MONTY PYTHON AND THE HOLY GRAIL (1974) remains a hoot 37 years later, as King Arthur battle obnoxious Frenchman, Lancelot saves Galahad from a night of oral sex, Sir Robin runs away and the Knights Who Say Ni demand a shrubbert as tribute. This being the Special Edition, it comes loaded with directors’ commentaries (more interesting than I usually find them), scenes dubbed in Japanese and the “Camelot” number performed with Lego knights. A classic. “You must cut down the mightiest tree in the forest—with a herring!”

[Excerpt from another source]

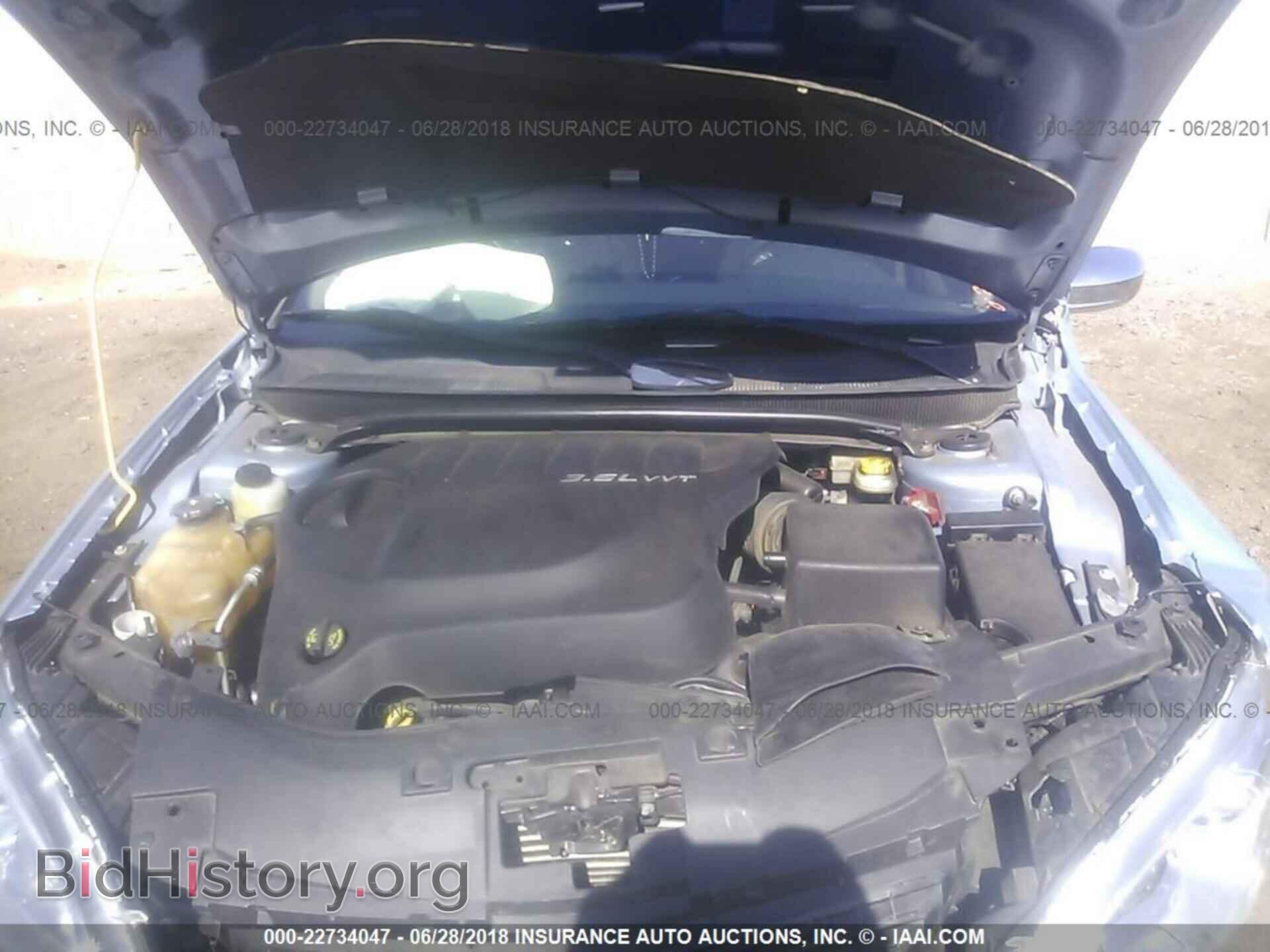 2013 Chrysler 200 - VIN: 1C3CCBCG1DN636464 - Photo 10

10 THINGS I HATE ABOUT YOU (1999) stars Julia Stiles as virago “Kate Stratford” who becomes the target of Bad Boy Health Ledger (“I heard he sold his liver just to buy a new set of speakers.”) as part of Joseph Gordon Levitt’s complicated scheme to win Stiles’ sister Bianca (Larisa Olenyk of Blossom). Fun, though Levitt’s character is too manipulative to be the noble suitor he’s supposed to be. “He’s supposed to be getting a national tube-sock ad.”
THE NIXON RECESSION CAPER by Ralph Maloney is an early seventies novel that fascinated me at the time. Where most crime and mystery stories I’d read back then were kind of timeless (no reference to current events), this one was very contemporary in explaining why its four protagonists had gone broke: One had been the king of cigarette TV advertising (which ended in the early seventies) and another invested in that fashion flop, the midi-skirt (i.e., knee-length, between the mini and the maxiskirt). Rather than the Donald Westlake comic caper I’d remembered it as, this is much more social satire, focusing as much on the guys marriages and lives as on the crime (which is actually a small part of the story). Not bad, but not as memorable as I once found it.

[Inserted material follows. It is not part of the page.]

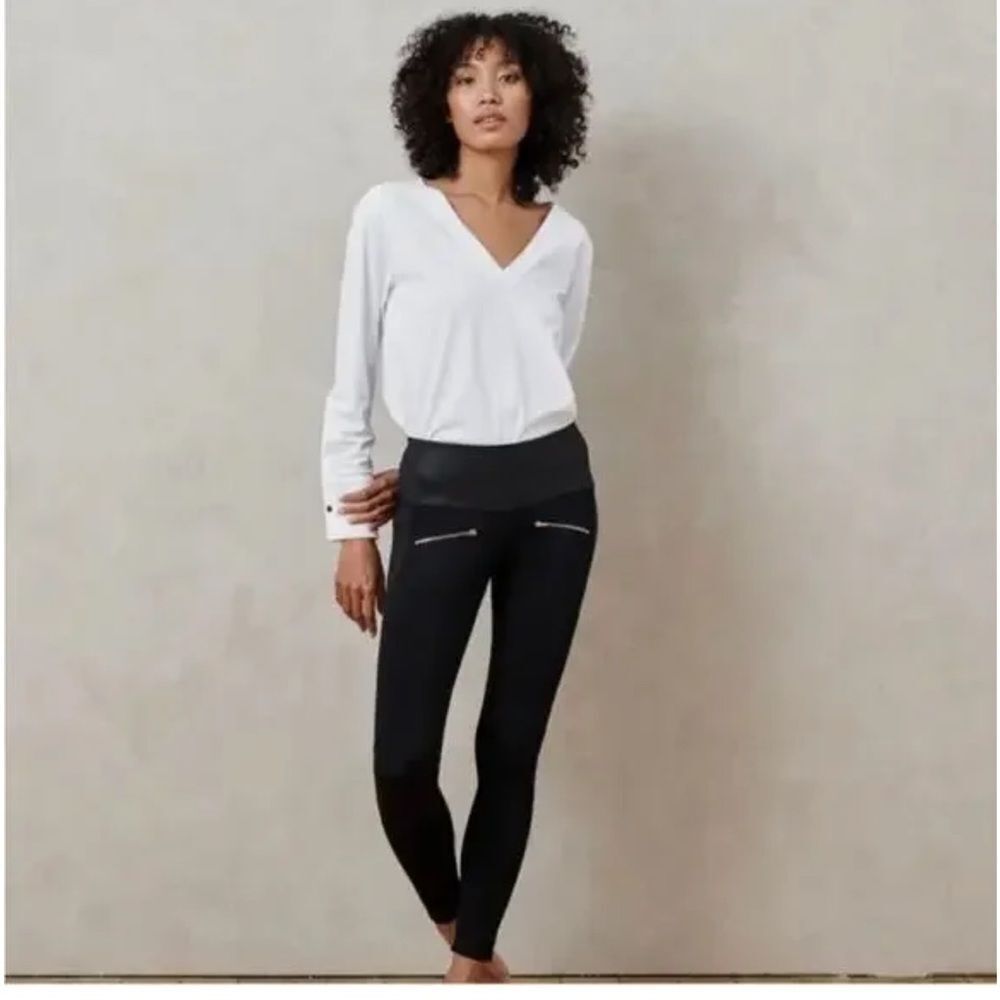 ADAY | Throw it Higher Black Zipper Leggings | M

HOUSE OF MYSTERY: Under New Management is the latest TPB collection (by Matthew Sturges and Luca Rossi primarily) about a young woman named Fig with a most curious past and her life trapped in the title edifice. Following up on the previous collection, Fig is now managing the House with its former owner Cain (yes, the Cain—in DC continuity, this makes sense), only to have a sadistic brother she insists she never had show up to become the new bartender. Good, but the last issue appears to be filler just to extend the story arc to TPB length (and anyone not familiar with these character will wonder how Cain’s brother Abel keeps coming back to life).
INCORRUPTIBLE is the first volume in Mark Waid’s story of Max Danger, a super-villain shell-shocked when Earth’s greatest hero, the Plutonian, snaps and turns into a mass murderer (as told in the companion series, Irredeemable). For the first time in his life, Max feels the need to do something heroic, much to the confusion of his henchmen and girlfriend (“You nicknamed me Jailbait, now you’re saying we can’t do it until I’m legal?”). Much more interesting than I found Irredeemable.

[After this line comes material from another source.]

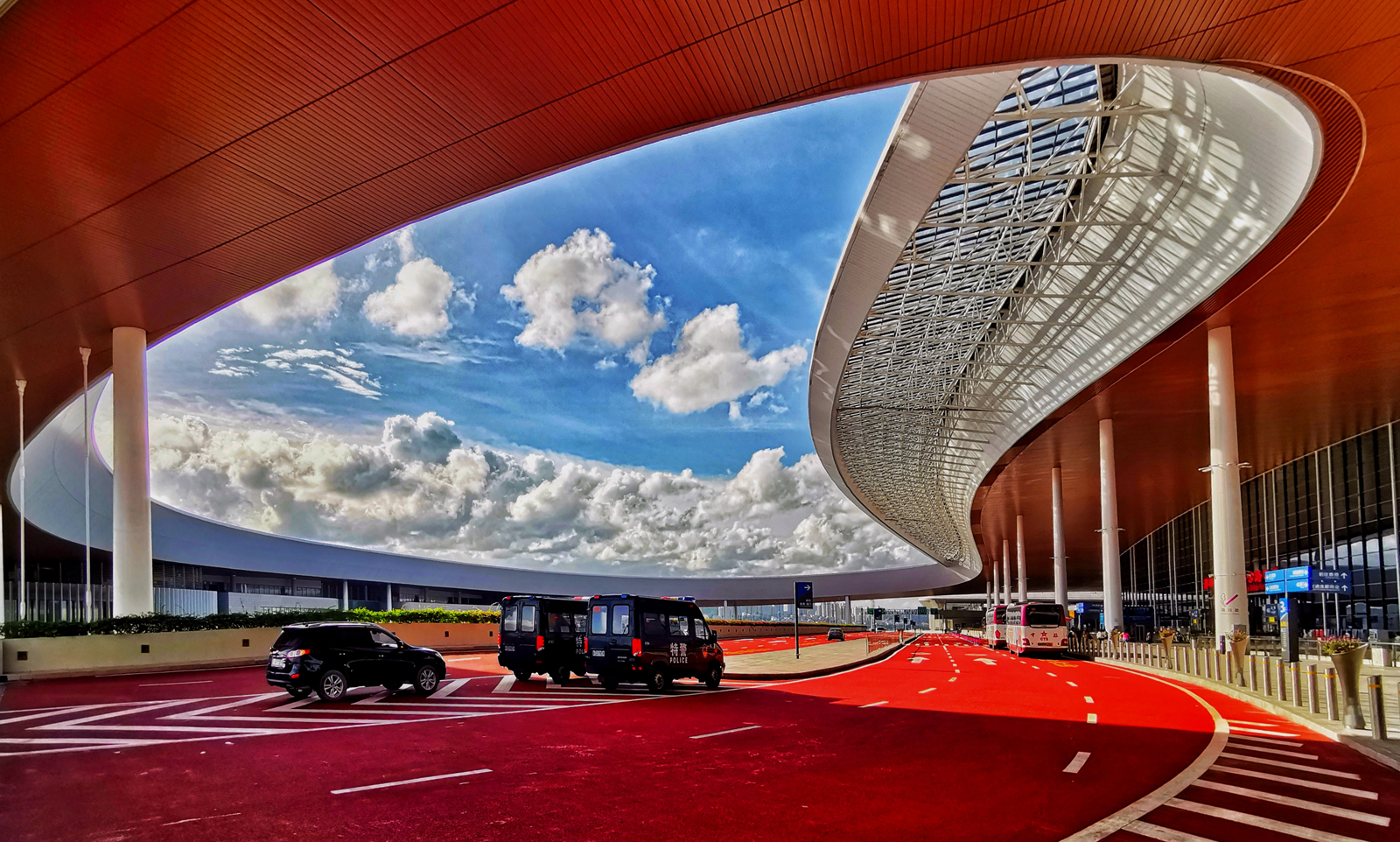 hk_c_1672986072995055411.jpg hk_c_港珠澳大橋珠海口岸 盧新河.jpg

THE AMAZING SCREW-ON HEAD AND OTHER ODDITIES is a collection of short tales by Hellboy creator Mike Mignola. The Screw On Heard, it turns out, is a robotic agent of President Lincoln, in this case fighting to thwart the schemes of diabolical Emperor Zombie (“There’s a pocket universe inside this onion!”). Like the other stories, a one-shot that makes Hellboy look fairly normal.